#### DATA PROVIDED ####

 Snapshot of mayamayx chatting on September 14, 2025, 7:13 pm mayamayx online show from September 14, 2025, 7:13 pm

####
#### DATA PROVIDED ####

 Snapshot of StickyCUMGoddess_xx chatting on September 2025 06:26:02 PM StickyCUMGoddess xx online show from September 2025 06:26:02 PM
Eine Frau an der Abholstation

####

REQUIRED WORK: The answer should be one number, the count of lines in the data that include the string "Snapshot".

EXPECTED ANSWER: 2